Private equity (PE) firm KKR on Monday acquired a 10% stake in CG Power and Industrial Solutions Ltd by invoking the pledge on shares provided as collateral for credit facilities extended to entities related to promoter Gautam Thapar.
The next few days are likely to reveal KKR’s plans for the company, given that there is no identifiable management at the moment, after the board removed chairman Thapar and the chief executive officer (CEO) also put in his papers.
According to stock exchange data, KKR India Debt Opportunities Fund II and KKR India Financial Services have acquired over 62.6 million shares in CG Power, from Vistra ITCL (India) Ltd.
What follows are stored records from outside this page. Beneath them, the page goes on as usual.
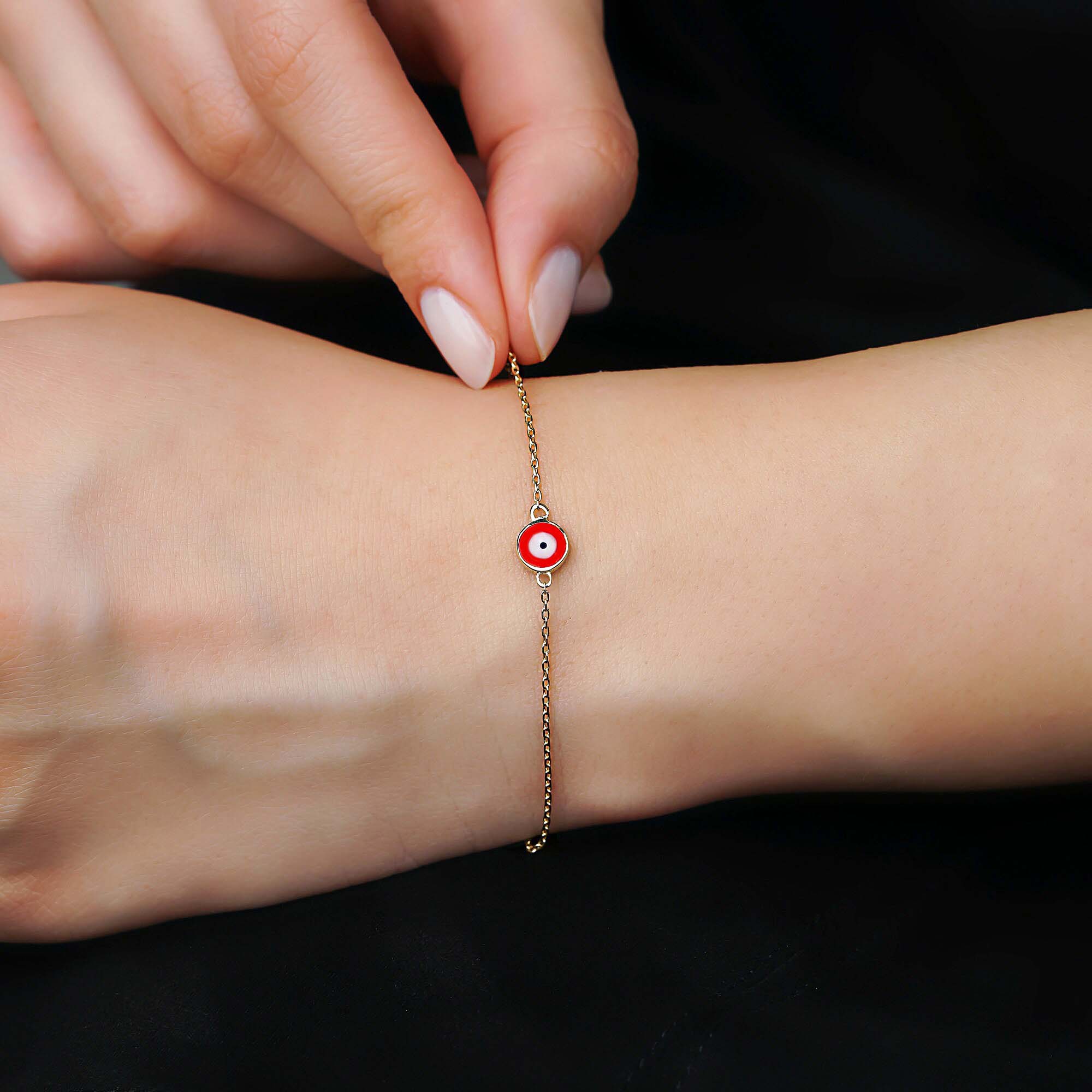 A 14k yellow gold cherry colored evil eye bracelet shown on a wrist.
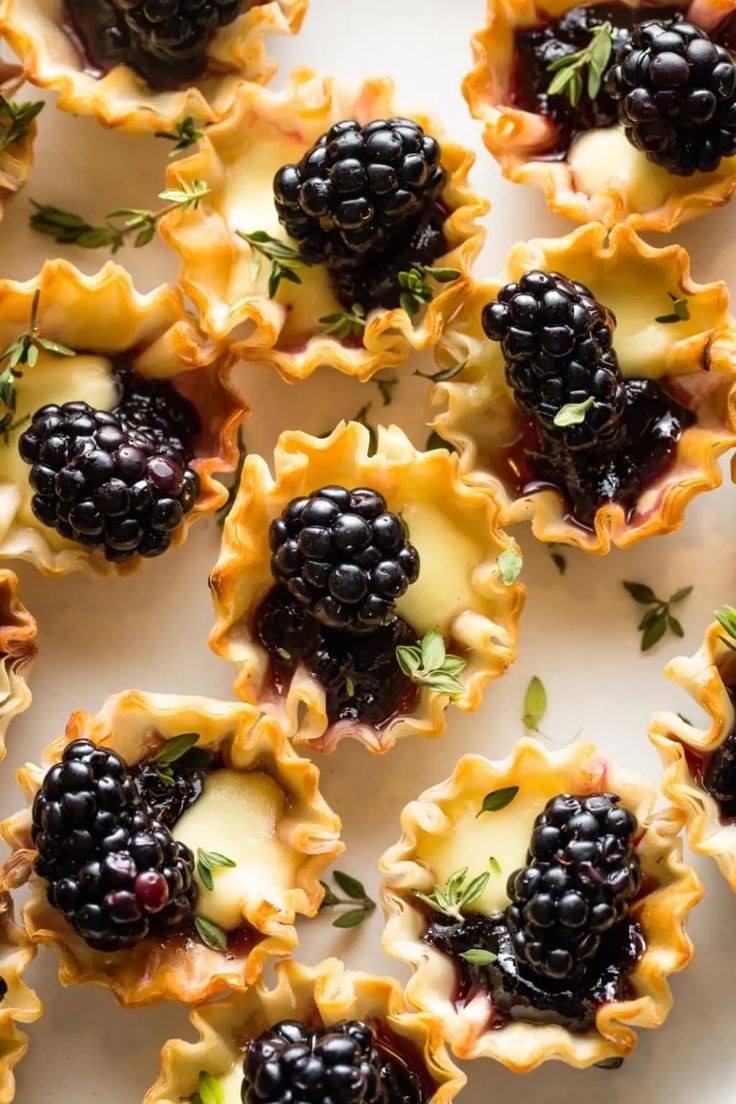 blackberries and cheese are arranged in small cups on a white platter with fresh herbs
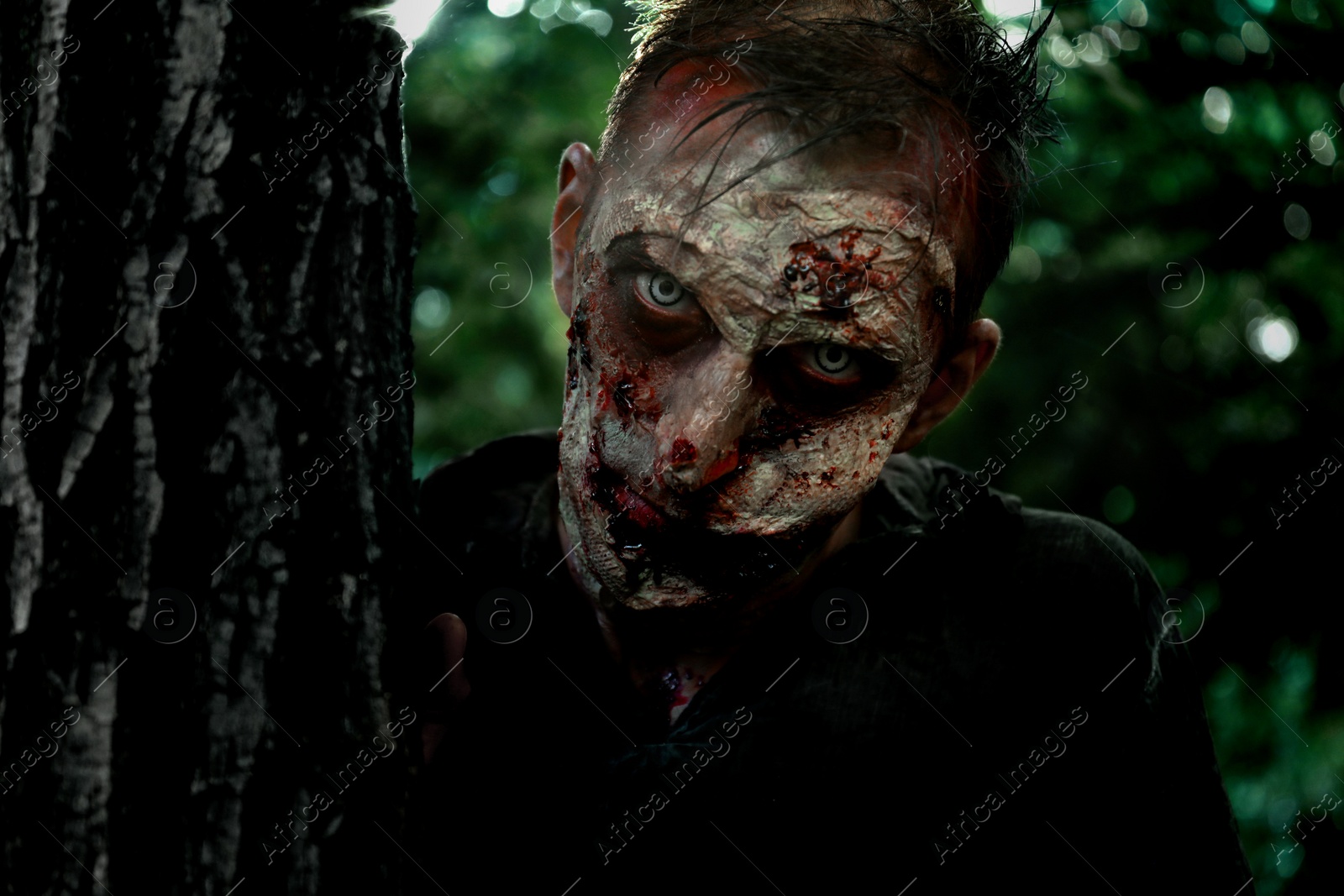 Photo of Scary zombie near tree outdoors. Halloween monster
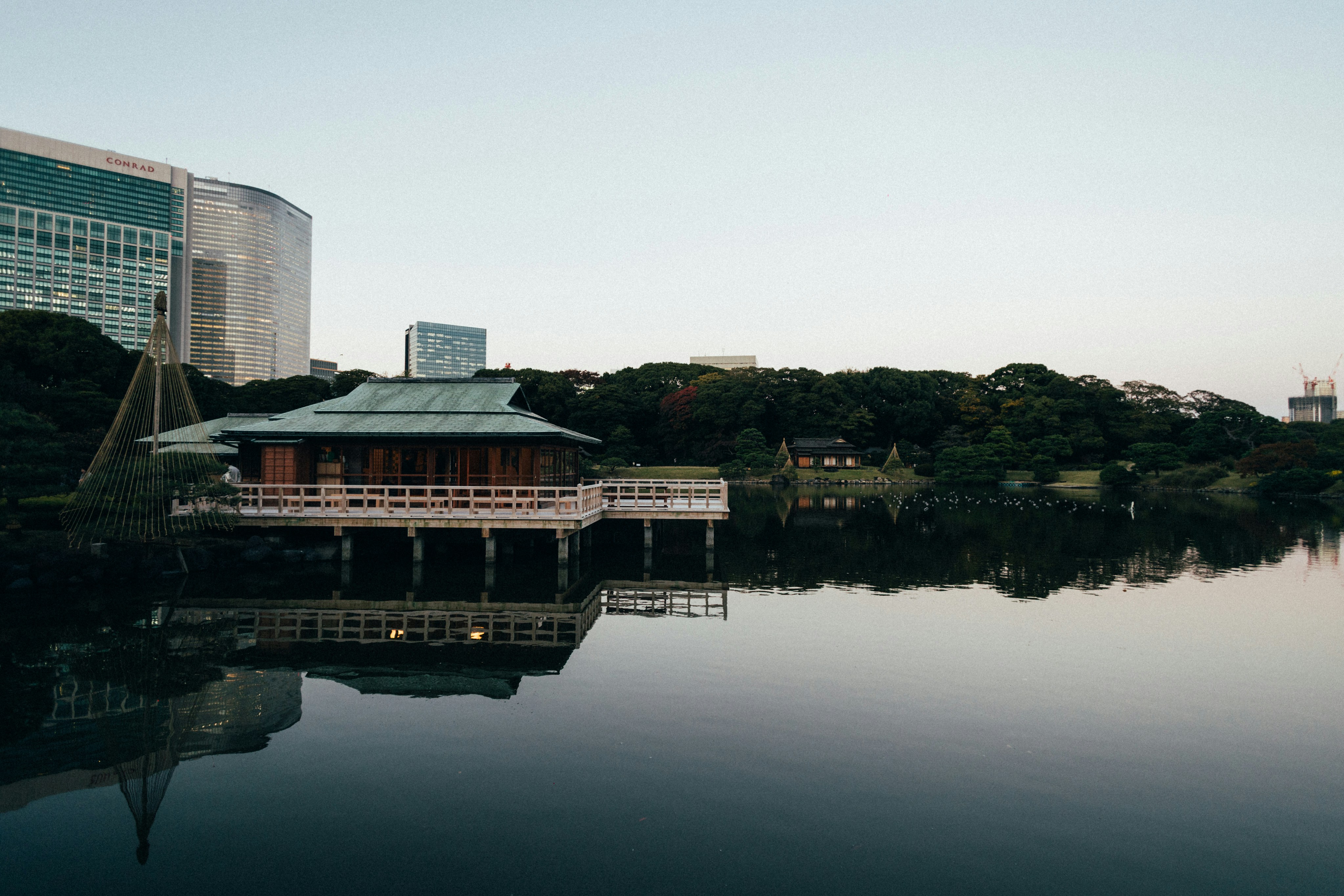 A japanese building reflects in still water.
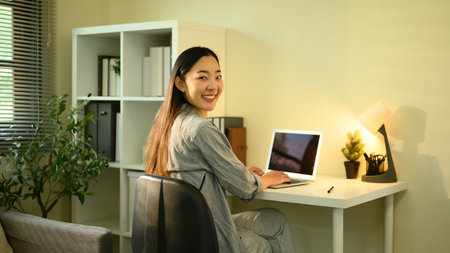 Confident young woman smiling at the camera while working at her home office desk with a laptop.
As on 30 June, Vistra ITCL held a 21.63% stake in the company.
“KKR India Financial Services Ltd and KKR India Debt Opportunities Fund II have, in exercise of their rights in respect of credit facilities extended to Avantha Holdings Ltd and its subsidiary Salient Financial Solutions Ltd and through the enforcement of pledges created by Avantha Holdings Ltd, respectively, acquired 50,736,588 and 11,938,021 equity shares of CG Power and Industrial Solutions Ltd through a transaction on the stock exchange,” the PE firm said in a statement on Monday.
This translates into a total of just under 10%, the PE firm said.
In March, CG Power had said creditors had invoked 67.6 million pledged equity shares, constituting 10.8% of the company’s share capital, held by one of its promoters, Avantha Holdings. Vistra ITCL on behalf of debenture holders—BOI AXA Credit Risk Fund, KKR India Financial Services and KKR India Debt Opportunities Fund II—had invoked these shares.
Besides, in March, private sector lender Yes Bank had acquired 80 million shares, or a 12.8% stake, in CG Power on invocation of pledged shares of its promoter.
On 20 August, the board of CG Power and Industrial Solutions Ltd said the company will restate accounts after discovering “significant accounting irregularities” and governance lapses, sending its shares plunging by the maximum daily limit of 20%.
Thapar was removed from CG Power’s chairmanship on 30 August. The company’s board is considering selling non-core assets and exploring various fundraising avenues to deleverage the company and optimize its operations.